Grossmann is confident that the Brook Crompton business can be turned around. Compared to the £75m turnover that Brook used to enjoy in its heyday, the current figure of around £20m is "nothing," he says. "We definitely need figures close to £40m in 2-3 years` time".

Grossmann`s deputy, Neil Stewardson, has been talking to MDs at some of Brook`s former UK customers, who have told him that they left because Brook had let them down badly. But, he adds, they also say that if Brook Crompton can prove itself on deliveries and customer service, they will return. Moreover, some of the MDs admit that they are not particularly happy with their new suppliers which, they say, are not much better than Brook has been in recent years.

"There`s certainly an opportunity to take market share back again," Stewardson concludes. "I would like to think that within three years, we could have a third or more of the market again," he says, adding that by that stage ATB will have to repay its bank loans "so we need to make it pay before then.

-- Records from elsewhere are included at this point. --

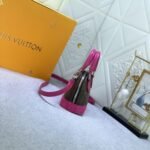Louis Vuitton Mini Alma Monogram Canvas Mix With Pink 18Cm M83206 - Image 3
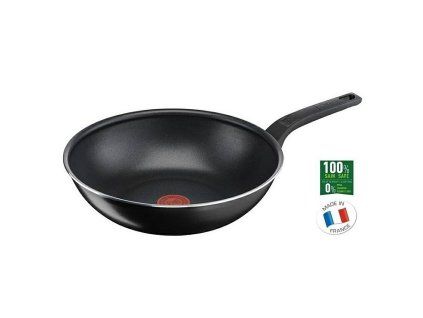 pánev d28cm WOK Simply Clean red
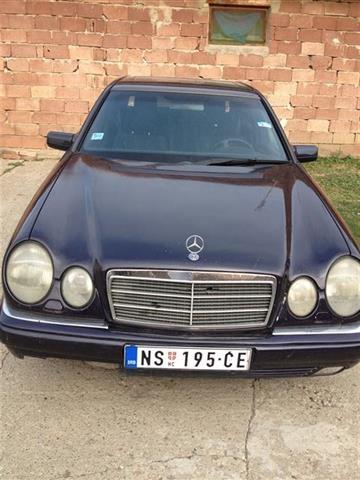 Mercedes benz E 300 -97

"We`ve got ambitious plans to grow quickly," Stewardson emphasizes. "We won`t just be waiting for it to happen."

A key aspect of these plans is a need to revitalise Brook`s Huddersfield headquarters (shown above). "Going back three or four years," says Stewardson, "Brook`s sales organisation worked very well because it was all controlled centrally from Huddersfield - setting prices, and providing sales support and customer services.

"Over the past couple of years that`s become confused," he continues. "The different factories have been going off and doing their own thing. We intend to bring it all back to Huddersfield." Separate sales channels are likely to be established for build-to-order, engineered products, and for build-to-stock standard products.

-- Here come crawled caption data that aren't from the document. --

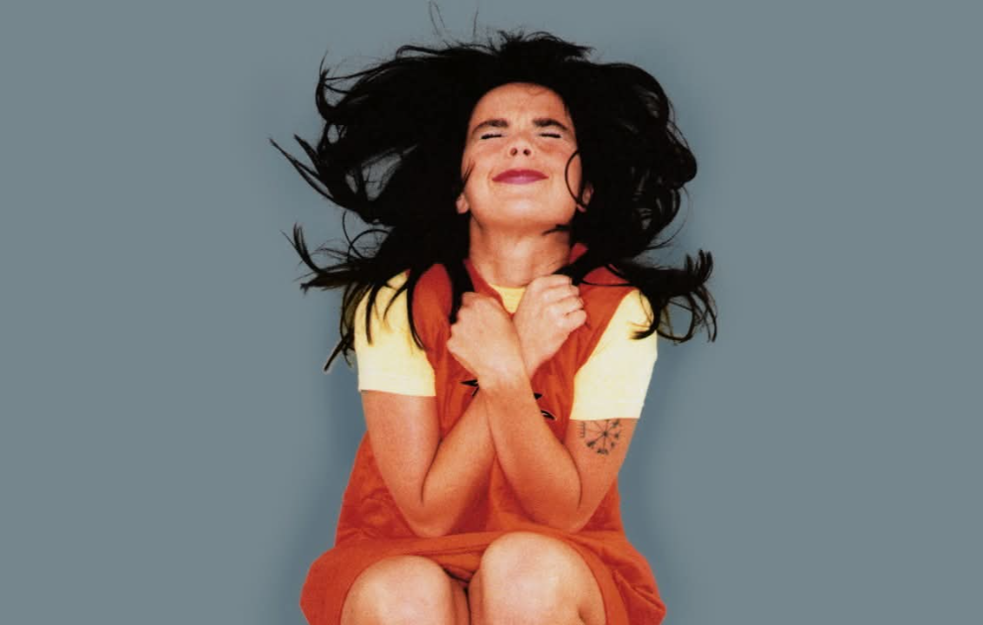 Bjork poziva na nezavisnost Grenlanda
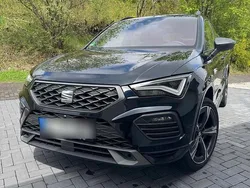 Schwarz Gebraucht 2021 Seat Ateca 4Drive SUV | 26.000 € (Guter Preis)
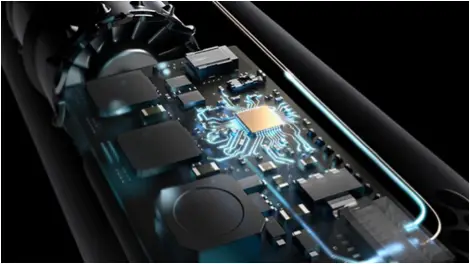 Intelligent heat control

Decisions still need to be taken on what will happen at Brook Crompton`s sole remaining manufacturing site in the UK - in Blackheath, Birmingham. L-J`s lease runs out at the end of the year, and the owner plans to redevelop the site. At present, Blackheath produces DC motors and customer-specific products. DC motors are also manufactured at L-J`s Dalian plant in China, so this work may be centralised there. The specialised manufacturing may be relocated to another site in the Blackheath area.

Heinz Grossmann is brimming with optimism about the future. "We`re confident that during 2006 we will see a return of customer confidence," he declares, "and we will succeed in turning around the group, with Brook Crompton once again being regarded as a reliable market player."

 

The ATB group employs 4,000 people across nine sites, with plants in Germany, France, China, Serbia and the Czech Republic, as well as Austria and the UK. Its turnover last year was €224m, with more than half of this being clocked up in Germany.

Some 47% of ATB`s income comes from industrial motors, 36% from motors for appliances and garden equipment, and 13% from explosion-proof motors. The final 4% comes from its dedicated r&d operation, which also produces special motors (such as air- and water-cooled asynchronous machines, and permanent magnet and switched reluctance motors), as well as power electronics.

ATB claims to be the European market-leader for motors used in domestic and garden appliances (notably, lawnmowers), and for custom-built motors without housings. It is also the German market-leader in explosion-proof and pump motors, and is Germany`s second-largest supplier of industrial motors, after Siemens.

In November 2004, ATB bought the UK-based mining motors specialist, Morley (above). According to Neil Stewardson, the company`s commercial director (and now chief operating officer of Lindeteves-Jacoberg), ATB Morley has thrived under its new ownership. "They`ve let us get on with the company as it was before, and it has gone from strength to strength."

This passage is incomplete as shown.